Kolusi merupakan sikap dan perbuatan tidak jujur dengan membuat kesepakatan secara tersembunyi dalam melakukan kesepakatan perjanjian yang diwarnai dengan pemberian uang atau fasilitas tertentu sebagai pelicin agar segala urusannya menjadi lancar.
Nepotisme berarti lebih memilih saudara atau teman akrab berdasarkan hubungannya bukan berdasarkan kemampuannya. Kata ini biasanya digunakan dalam konteks derogatori.
3.      Tingkat  kualitas pelayanan publik masih belum mampu memenuhi harapan masyarakat. Misalnya  LIPI sebagai lembaga penelitian milik pemerintah bentuk pelayanannya berupa melakukan riset dan menghasilkan produk penelitian yang berhasil guna dan bermanfaat bagi masyarakat luas,  kualitas dan kuantitas penelitiannya itu yang harus direformasi apabila dampaknya belum terasa bagi rakyat Indonesia secara luas. Demikian pula dengan instansi pemerintah lainnya,  contoh lain pelayanan kantor kelurahan dalam pengurusan KTP, apabila sebelum reformasi birokrasi pelayanan pembuatan KTP di kantor kelurahan bisa mencapai waktu 2 minggu atau 3 bulan lebih, setelah reformasi birokrasi harusnya pembuatan KTP bisa diselesaikan dalam waktu kurang dari satu hari. Karena ada hal-hal yang direformasi seperti jika sebelumnya birokrasi yang berbelit-belit sekarang menjadi lebih sederhana, Lurah yang biasanya datang siang dan sering tidak ada ditempat sekarang selalu datang tepat waktu dan ada ditempat disaat dibutuhkan masyarakat untuk mendandatangani KTP dsb.

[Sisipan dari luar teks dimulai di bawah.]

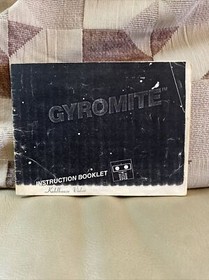 Gyromite (Nintendo Entertainment System, 1985) From Video Fever Copied manual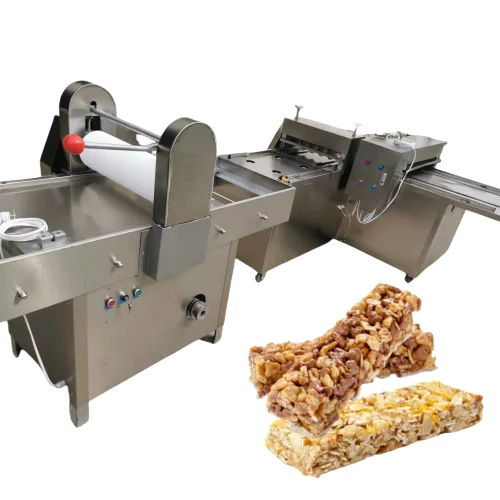 JU Granola bar резак/арахисовые конфеты зерновые батончики автомат для резки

4.      Tingkat efisiensi, efektivitas, dan produktivitas birokrasi belum optimal
Sebelum PP 6/08 dan PP 8/08, perencanaan anggaran masih bersifat perencanaan kegiatan/program. Hal ini membuat sistem birokrasi sibuk dengan kegiatan dan program tetapi tidak tau apa yang dicapai. Pendekatan ini bukan hanya berpotensi membelanjakan dana publik untuk hal yang tidak perlu, tetapi juga membuat struktur birokasi tidak tau persis apa yang harus dilakukan. Semua hal terlihat penting.
Pada era reformasi birokrasi pendekatan ini harus diubah. Setelah PP 6/08 dan PP 8/08 pemerintahan harus berpikir HASIL. Merencanakan HASIL, menganggarkan untuk HASIL, memonitor HASIL dan melaporkan HASIL. Pemilik (rakyat) tidak terlalu pusing dengan apa yang dilakukan oleh birokrat, para pembayar pajak lebih mementingkan pencapaian hasil. Mereka ingin agar pasar tidak kumuh lagi, jalanan tidak macet lagi, semua anak bersekolah, semua orang yang sakit dapat perawatan, mudah dapat modal usaha dll.
Rumusan hasil harus datang dari warga masyarakat lewat satu mekansime tertentu yang menjamin keterwakilan dan transparansi.
Anggaran harus dirancang untuk mencapai hasil, bukan hanya untuk melaksanakan kegiatan. Pada akhirnya setiap pekerjaan harus didelegasikan kepada jabatan-jabatan yang sesuai untuk melaksanakannya.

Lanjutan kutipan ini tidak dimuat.